La mise en avant des traits prototypiques nous a fait nous
interroger sur les
96
conditions de nomination d'un groupe manifestant comme «
casseurs » ainsi que les intérêts politiques qui en
découlent. Les « casseurs » sont l'objet de condamnations
unanimes, que ce soit en politique de l'extrême-droite à
l'extrême-gauche ou dans les médias, de L'Humanité
à Valeurs actuelles en passant par Le Figaro,
Libération et Le Monde. Finalement, c'est le caractère
politique de la violence qui est nié et, de facto, la dimension
politique chez les « casseurs ». Selon toute logique, des groupes
manifestants utilisant la violence comme moyen d'action devraient, à
défaut d'être dénommés « casseurs », y
être comparés. Or, comme l'a démontré l'étude
du mouvement des Bonnets Rouges, les « agriculteurs »
échappent totalement à cette désignation puisqu'ils
bénéficient d'un statut social privilégié modifiant
la perceptions de l'État et des forces de l'ordre qui adoptent une
gestion patrimonialiste des manifestations agricoles. Cela démontre que
la dénomination de « casseurs » et les condamnations unanimes
qui s'en suivent sont à géométrie variable selon le statut
politique et social du groupe manifestant. Cet exemple nous montre comment la
sphère politique peut peser sur les stéréotypes et
à quel point le discours politique à une dimension performative :
il lui suffit de dire que x est X pour que cela soit le cas.

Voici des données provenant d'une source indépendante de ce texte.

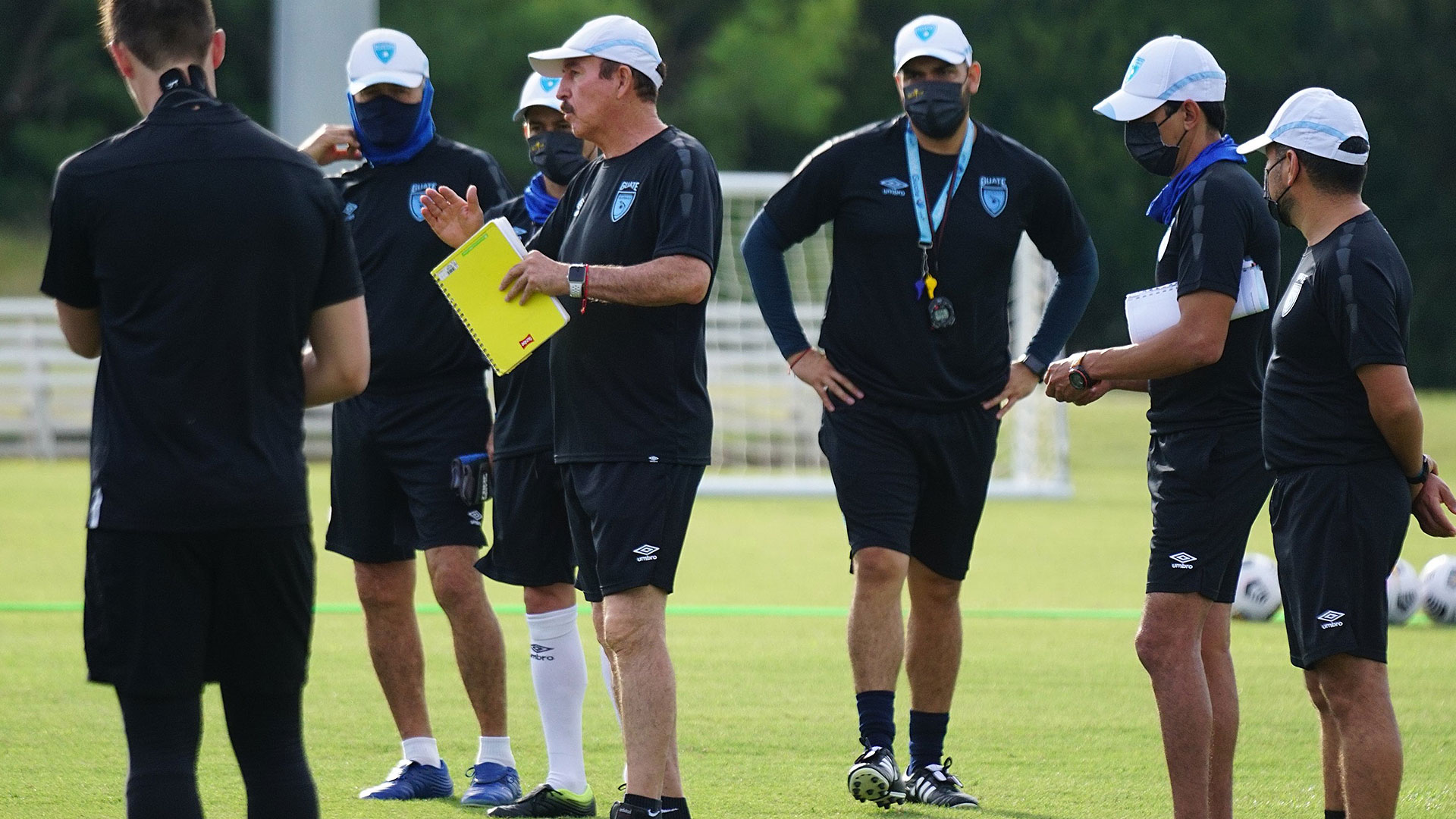 El técnico interino Rafael Loredo dirige una práctica durante la participación nacional en la Copa Oro 2021 en julio pasado. (Foto Prensa Libre: Fedefut Twitter)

Le discours politique est donc central dans notre étude
puisqu'il est à l'origine de la dénotation de « casseurs
» mais c'est aussi par lui que se développent les connotations et
que survit la dénotation, amplifiée dans les médias qui
agissent comme une caisse de résonance par un effet de reprises et de
citations. Après avoir délimité le champ théorique
en présentant la théorie du conflit, les théories de
l'ennemi et de l'adversaire en politique ainsi que les différences entre
dénomination et désignation, nous avons étudié les
différents mécanismes discursifs pour faire des « casseurs
» une figure antagoniste et dangereuse. Ainsi, la dénomination est
parfois couplée à une désignation, par un effet discursif
ou sémantique, qui prennent la forme de périphrases, de
contraires discursifs ou d'accusations d'intentions. Au delà des
mécanismes de construction de la figure de l'ennemi, il y a aussi des
mécanismes qui permettent de « se construire soi-même »
: la République, la justice et les principes. Nous prenons
l'exemple des violences policières niées par Bernard Cazeneuve au
nom des principes républicains qui habiteraient les forces de l'ordre.
Les policiers/policières ont par ailleurs un rôle
conséquent dans la rhétorique du gouvernement face aux violences
protestataires, notamment dans le contexte post-attentats.
97
La figure du terroriste est d'ailleurs
régulièrement convoquée pour discréditer un groupe
social ; c'est ici le cas pour les « casseurs » qui lui sont
comparés, tant pour l'utilisation de la violence que pour leurs
objectifs prétendument mortifères et destructeurs. Qu'il s'agisse
de terroristes, d'émeutiers ou de « casseurs », ce sont les
mêmes processus mis en oeuvre pour construire un ennemi intérieur.
Les méthodes de dénomination, de désignation et de
délégitimation étudiées dans ce travail vont bien
au-delà des « casseurs » puisqu'elles embrassent le champ de
la violence protestataire dans son ensemble. C'est du moins le postulat de
départ de notre prochain travail de thèse.